In Feltman, the issue in the appeal was whether the plaintiff, a debt buyer and collector, had timely filed an action against the defendant for failure to pay amounts owed on a credit card. Plaintiff filed its action in 2005 to seek payment on the credit card charges. The last activity on the account was in 1999. Defendant claimed that the credit card application, agreement and statements of account attached to the complaint did not evidence a written contract. Defendant claimed that the action was therefore untimely as it was filed beyond the 5-year statute of limitations for bringing an action based on an oral contract. Under Illinois law, a 10-year statute of limitations applies to written contracts. The trial court agreed with the debtor and the debt buyer appealed.

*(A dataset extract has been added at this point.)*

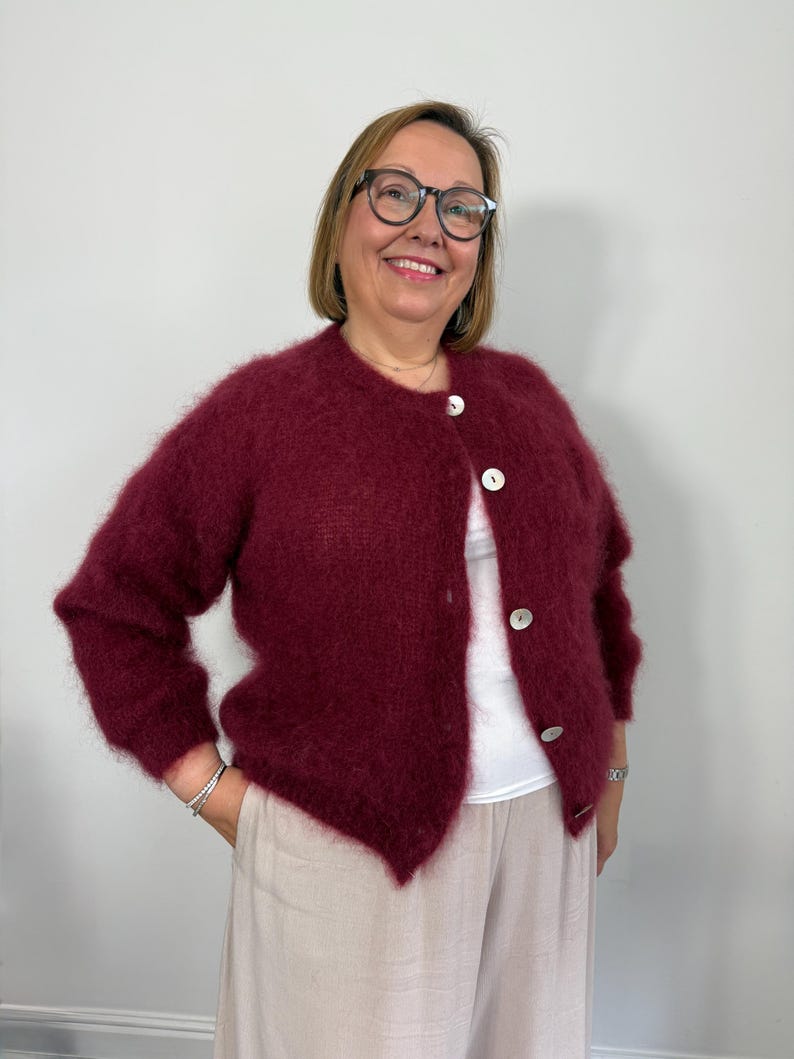 May include: A burgundy cardigan with large white buttons. The fluffy knitwear has long sleeves and is paired with light-colored pants. The cardigan is worn over a white top.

The appellate court affirmed the dismissal. Critical to the court's conclusion that the contract for credit card debt was not a written contract subject to a longer (10-year) statute of limitations was that not all of the terms of the contract were contained in a single document provided by the plaintiff. Rather, the appellate court determined that the documents submitted-credit card application, credit card agreement and account statements-individually did not contain the elements of a written contract. The court concluded that (i) the credit card application was not a contract but merely a request to extend credit, (ii) the credit card agreement constituted an offer to extend credit which could be revoked at any time, and (iii) the account statements were merely account summaries and did not constitute indebtedness. Because all of the elements of a written contract, including mutual assent and a promise to pay, were not integrated into a single set of documents, the court determined that the shorter 5-year period applied. Troublingly, the court declined to adopt a "composite document" theory to craft a single written contract from the various documents presented. Since no single written contract existed, the court concluded that the applicable statute of limitations for bringing an action for collection of credit card debt was five years under 735 ILCS 5/13-205 and affirmed the trial court's dismissal.